The reported protections on the 2018 Lakers pick are fascinating. While Boston wouldn’t get the pick if it landed No. 1 overall — protecting Philadelphia from losing the best prospect in a draft expected to feature Missouri freshman Michael Porter Jr. and Slovenian superstar Luka Doncic, whose production for ACB and Euroleague power Real Madrid at age 18 projects off the charts — the Celtics are also protected from the Lakers improving dramatically next season, when they could potentially add Paul George.

It’s even more challenging to figure out where the Kings’ 2019 pick might land, given how far out that is, but there’s a good chance it’s in the lottery — giving Boston two cracks at getting a pair of top-five picks out of the deal.

Trading down also has the small but real benefit to the Celtics of saving them about $1.4 million in salary this season, which is important as they try to get to enough cap space to make a max offer to unrestricted free agents Blake Griffin and Gordon Hayward.
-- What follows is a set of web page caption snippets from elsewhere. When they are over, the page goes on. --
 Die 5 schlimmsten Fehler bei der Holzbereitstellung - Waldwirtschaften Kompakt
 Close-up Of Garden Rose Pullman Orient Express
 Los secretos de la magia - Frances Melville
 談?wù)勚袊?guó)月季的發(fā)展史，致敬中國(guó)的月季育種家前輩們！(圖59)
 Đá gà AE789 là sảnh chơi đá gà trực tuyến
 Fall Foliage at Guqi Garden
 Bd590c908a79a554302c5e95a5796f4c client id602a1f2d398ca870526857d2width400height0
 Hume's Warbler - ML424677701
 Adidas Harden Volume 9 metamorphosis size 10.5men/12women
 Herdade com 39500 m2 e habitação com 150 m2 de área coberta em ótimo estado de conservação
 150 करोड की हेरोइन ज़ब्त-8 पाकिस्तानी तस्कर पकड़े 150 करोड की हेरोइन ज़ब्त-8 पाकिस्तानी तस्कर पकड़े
Depending where the cap falls, it’s possible Boston could get to the necessary $30 million-plus in space by trading only reserves Demetrius Jackson and Terry Rozier, which would allow them to hang on to sixth man Marcus Smart.

Given the way this trade will shape the futures of two of the Eastern Conference’s most promising franchises for years to come, I wouldn’t be surprised if we end up debating it at a future Sloan Conference. Right now, I’d give the Celtics better odds of being the team that gets more from it.